**PROVIDED RECORDS:**
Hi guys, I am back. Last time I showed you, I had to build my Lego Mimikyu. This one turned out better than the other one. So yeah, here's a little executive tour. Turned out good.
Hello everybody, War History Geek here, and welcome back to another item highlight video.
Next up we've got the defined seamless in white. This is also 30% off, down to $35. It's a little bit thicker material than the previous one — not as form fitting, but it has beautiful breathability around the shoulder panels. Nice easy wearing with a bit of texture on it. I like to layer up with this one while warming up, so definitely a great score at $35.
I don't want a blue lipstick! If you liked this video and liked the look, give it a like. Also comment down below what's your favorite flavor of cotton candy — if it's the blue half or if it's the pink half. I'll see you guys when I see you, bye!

--

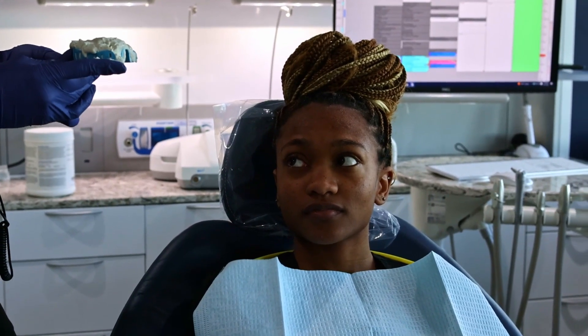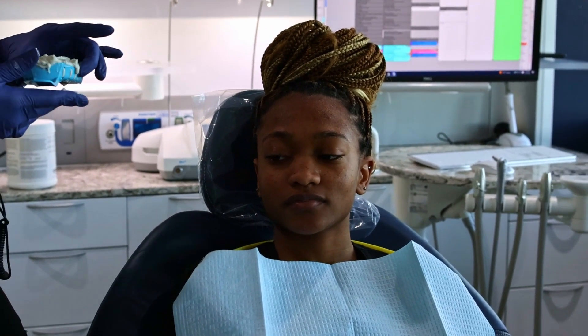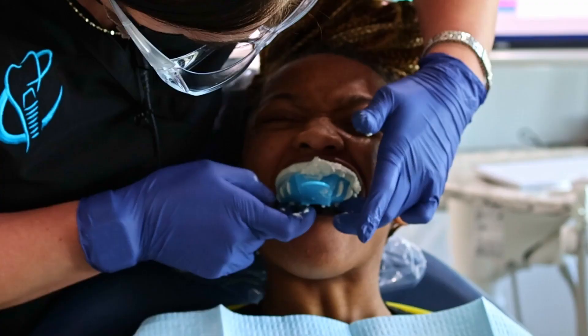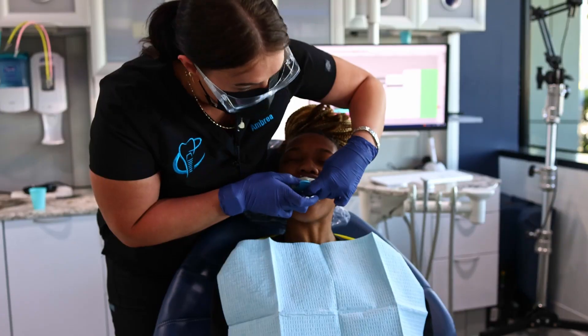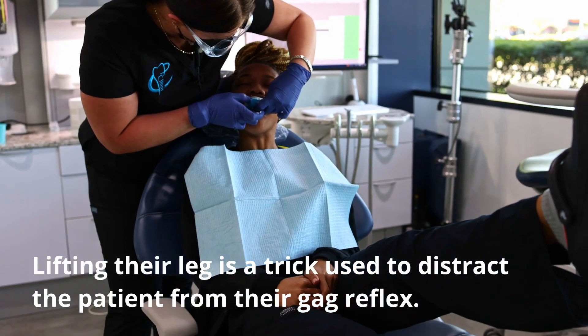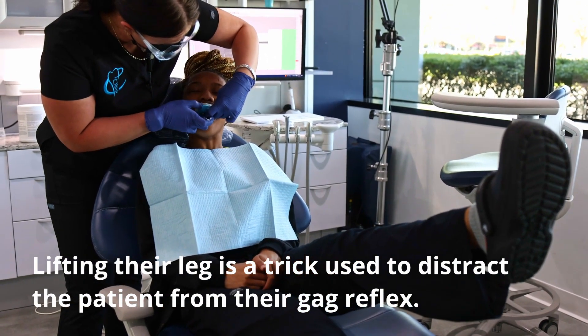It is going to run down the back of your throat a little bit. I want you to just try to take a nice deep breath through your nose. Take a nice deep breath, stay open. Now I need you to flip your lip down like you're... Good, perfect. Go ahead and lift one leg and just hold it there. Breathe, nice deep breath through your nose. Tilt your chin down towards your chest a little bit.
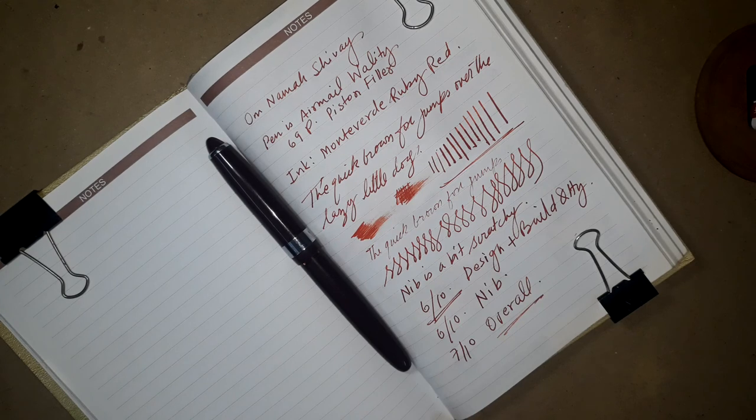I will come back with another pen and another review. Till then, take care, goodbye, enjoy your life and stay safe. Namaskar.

==

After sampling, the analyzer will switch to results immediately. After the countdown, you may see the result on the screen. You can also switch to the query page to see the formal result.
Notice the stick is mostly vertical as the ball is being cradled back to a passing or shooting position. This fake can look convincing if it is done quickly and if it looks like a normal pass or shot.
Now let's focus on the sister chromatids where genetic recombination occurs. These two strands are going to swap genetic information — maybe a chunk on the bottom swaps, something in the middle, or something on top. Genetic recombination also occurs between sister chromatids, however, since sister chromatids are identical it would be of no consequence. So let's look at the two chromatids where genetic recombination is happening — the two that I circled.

**WORK ORDER:** Above are entries; state the number of lines among them that contain "video", and nothing else.

**ANSWER TO THIS EXERCISE:** 2